What you have to do ▸
A verbatim transcript of the data below is required, images omitted.

Provided data ▸
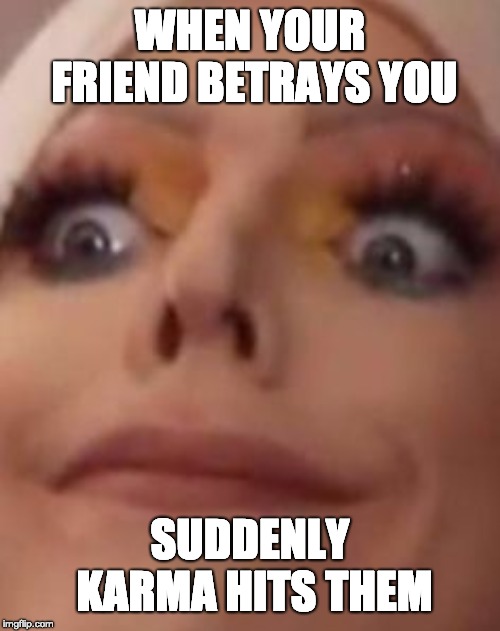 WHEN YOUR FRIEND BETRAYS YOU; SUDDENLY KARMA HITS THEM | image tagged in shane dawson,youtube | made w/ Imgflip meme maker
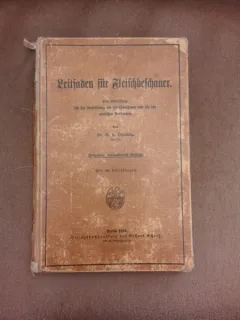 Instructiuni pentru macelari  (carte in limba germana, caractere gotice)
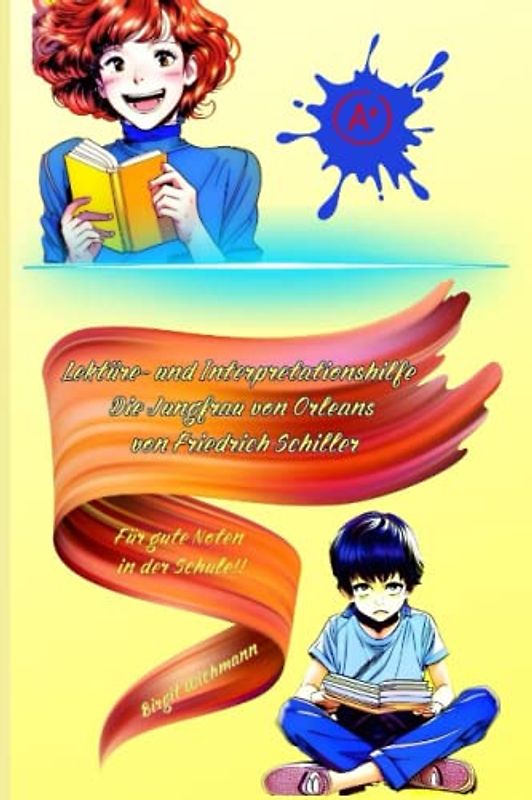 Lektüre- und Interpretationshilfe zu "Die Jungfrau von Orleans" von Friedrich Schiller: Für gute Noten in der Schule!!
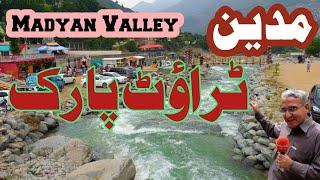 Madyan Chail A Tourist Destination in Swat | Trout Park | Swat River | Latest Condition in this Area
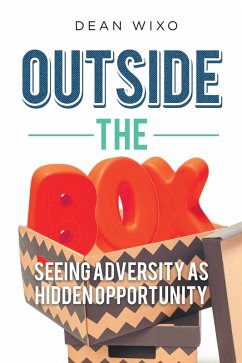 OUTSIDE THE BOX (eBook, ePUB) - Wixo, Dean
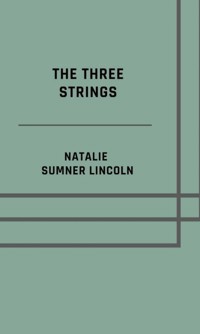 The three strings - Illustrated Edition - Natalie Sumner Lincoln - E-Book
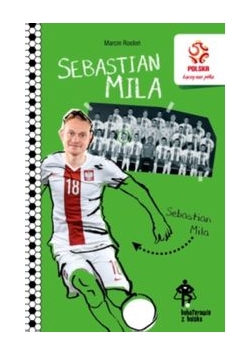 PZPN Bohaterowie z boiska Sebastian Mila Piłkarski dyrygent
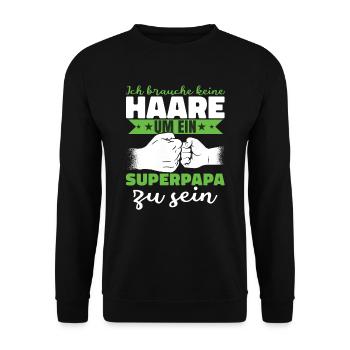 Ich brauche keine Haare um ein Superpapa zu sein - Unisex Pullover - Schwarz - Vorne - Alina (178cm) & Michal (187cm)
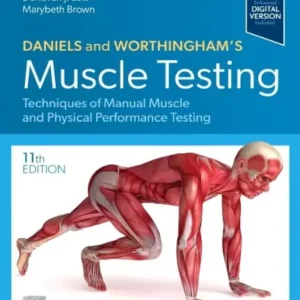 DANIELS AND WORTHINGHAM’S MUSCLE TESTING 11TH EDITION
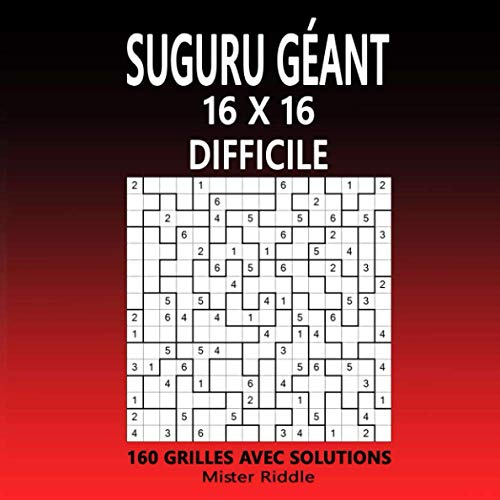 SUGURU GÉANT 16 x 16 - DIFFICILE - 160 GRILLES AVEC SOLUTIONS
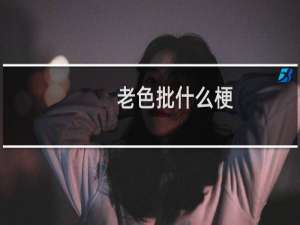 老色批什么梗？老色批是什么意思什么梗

Answer to the problem ▸
 WHEN YOUR FRIEND BETRAYS YOU; SUDDENLY KARMA HITS THEM | image tagged in shane dawson,youtube | made w/ Imgflip meme maker
 Instructiuni pentru macelari  (carte in limba germana, caractere gotice)
 Lektüre- und Interpretationshilfe zu "Die Jungfrau von Orleans" von Friedrich Schiller: Für gute Noten in der Schule!!
 Madyan Chail A Tourist Destination in Swat | Trout Park | Swat River | Latest Condition in this Area
 OUTSIDE THE BOX (eBook, ePUB) - Wixo, Dean
 The three strings - Illustrated Edition - Natalie Sumner Lincoln - E-Book
 PZPN Bohaterowie z boiska Sebastian Mila Piłkarski dyrygent
 Ich brauche keine Haare um ein Superpapa zu sein - Unisex Pullover - Schwarz - Vorne - Alina (178cm) & Michal (187cm)
 DANIELS AND WORTHINGHAM’S MUSCLE TESTING 11TH EDITION
 SUGURU GÉANT 16 x 16 - DIFFICILE - 160 GRILLES AVEC SOLUTIONS
 老色批什么梗？老色批是什么意思什么梗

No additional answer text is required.